I'd extend the intermixing and learning, as the experience from Korea, Japan and Singapore is also very relevant. Plus don't forget it was Shanghainese that brought the initial capital and knowhow that started industrialisation in Hong Kong, so it's come full circle.

My view is that India is capable of becoming a developed nation, but I think their journey will be slower than the ones in East Asia. As for Chinese people reaching economic parity with Americans, I don't see any reason why this won't happen. 

Everyone can see how Hong Kong, Singapore, Taiwan, Korea and Japan did it, and the different approaches taken. Plus China is similar enough for the experiences to be applicable. 

And at the same time, China is also big enough for all the different approaches to be applicable.
Eg. State-driven capitalism in Jiangsu (79M people) versus more laissez-faire capitalism next door in Zhejiang (55M people)


----------



## Erthel (Apr 23, 2012)

Bannor said:


> Thats why USA is moving towards Asia with tehir 7th fleeet these days. To keep a close watch on chinese employment.


Truth


----------



## Future Cities (Sep 24, 2012)

ssiguy2 said:


> By the time China manages to catch the US in economic, political, and social influence I think India will quickly upsurp them.
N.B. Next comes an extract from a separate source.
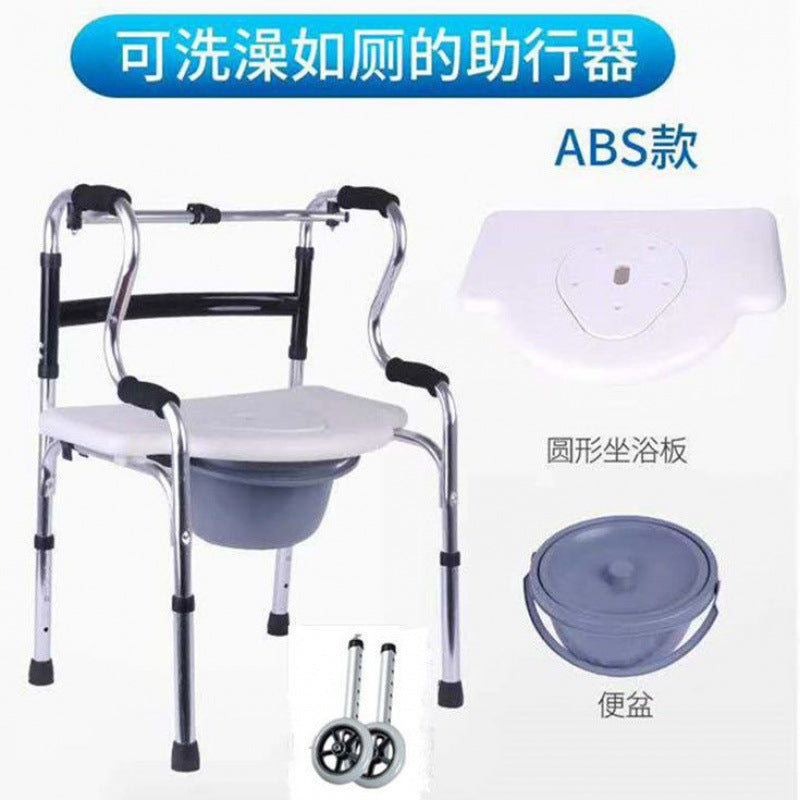 Lightweight Portable Disabled Mobility Aids 不锈钢双弯带坐便ABS带大轮子 默认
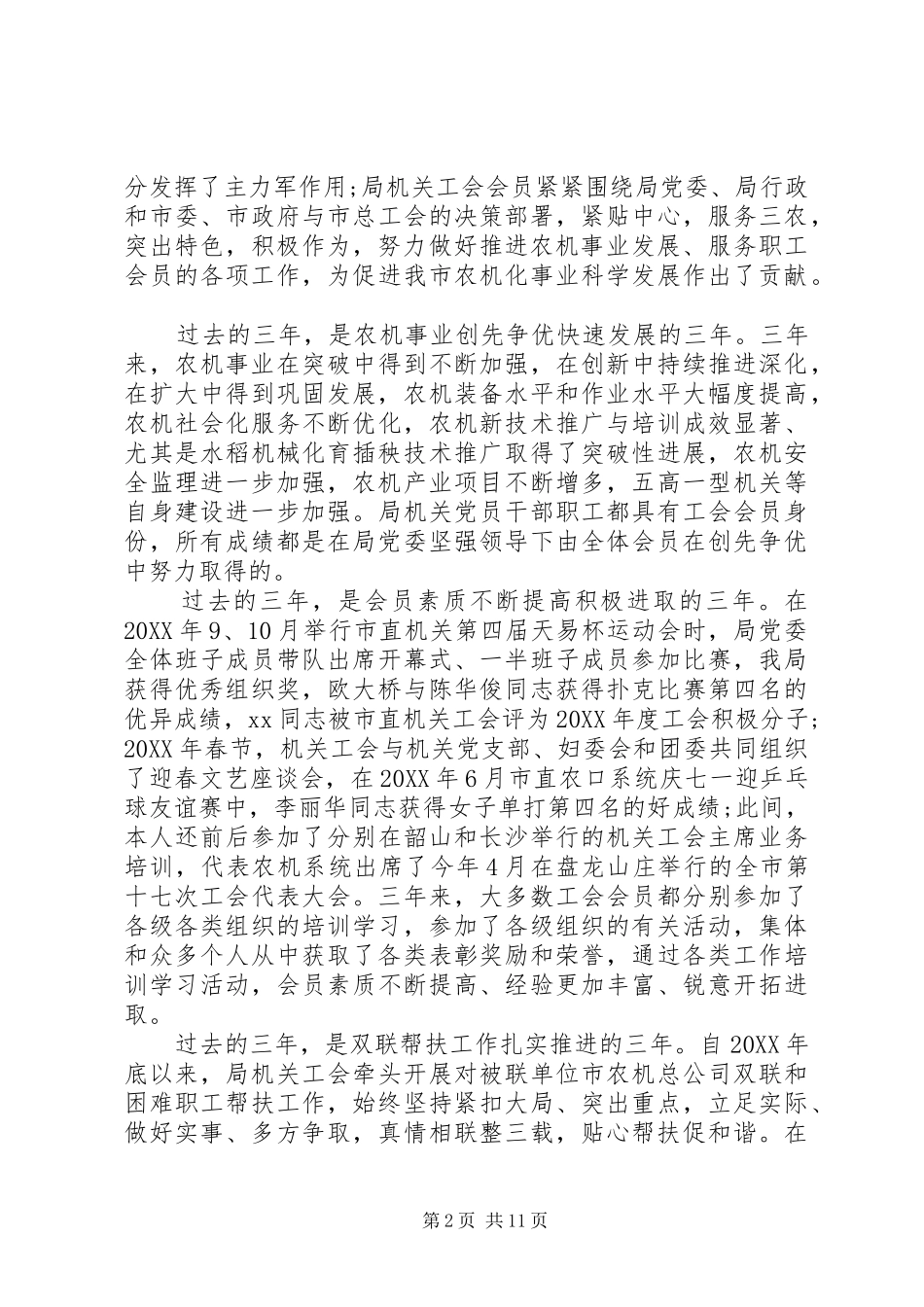 2024年公安局工会工作报告_第2页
If you've been to China and India, I can assure that you'll realize that India is destined to play second fiddle to China for centuries to come. Having democracy and speaking English means squat all if you're one big disorganized, corrupt, feeble minded nation. Indians just don't have the ambition and determination like Chinese to play large on the World stage. They're quite content with serving their anglo sphere masters, hence why India is constantly spruiked up by it's former colonial masters to counter China in Asia. As of today India is atleast 30years behind China in nation building and infrastructure. Looking at your other posts I can presume that you're an Indian trolling this thread with your senseless rhetoric.


----------



## onosqaciw (Feb 13, 2011)

ssiguy2 said:


> . India has the advantage of having a large english speaking populace, .


able to speak english is not a prerequisite to be developed or super nation


----------



## BE0GRAD (May 29, 2010)

ssiguy2 said:


> Immigration would help but not much.
> 
> First, let's call a spade a spade.......... there is not much to go to China for. Even in 25 years, the standard of living will be much lower than US/Can/Aus/NZ whether that be lower wages, smog chocked cities, enviornmental degredation, over crowded cities, a conservative society, or corruption. This backed up by being in a military dictatorship with near non-existent human right's legislation, lack of free press or expression, and poor labour laws. Despite all the economic growth, China is still a tin-pot military dictatorship.
> 
> ...




Your view is too West-centric ,I'm afraid. Being able to vote your leadership is completely irrelevant for someone to concider a country nice to live in just like it is being "free" ,whatever you mean by that as it is a populist term and not an argument. What is important for an average immigrant is that he has good opportunities ,standard of living and justice system. Those can be achieved in any country ,democratic or not.


----------



## AsianDragons (Jan 8, 2010)

the title is bad, what happened to india???


----------



## Future Cities (Sep 24, 2012)

^^India isn't in the same league yet!


----------



## null (Dec 11, 2002)

Future Cities said:


> If you've been to China and India, I can assure that you'll realize that India is destined to play second fiddle to China for centuries to come. Having democracy and speaking English means squat all if you're one big disorganized, corrupt, feeble minded nation. Indians just don't have the ambition and determination like Chinese to play large on the World stage. They're quite content with serving their anglo sphere masters, hence why India is constantly spruiked up by it's former colonial masters to counter China in Asia. As of today India is atleast 30years behind China in nation building and infrastructure. Looking at your other posts I can presume that you're an Indian trolling this thread with your senseless rhetoric.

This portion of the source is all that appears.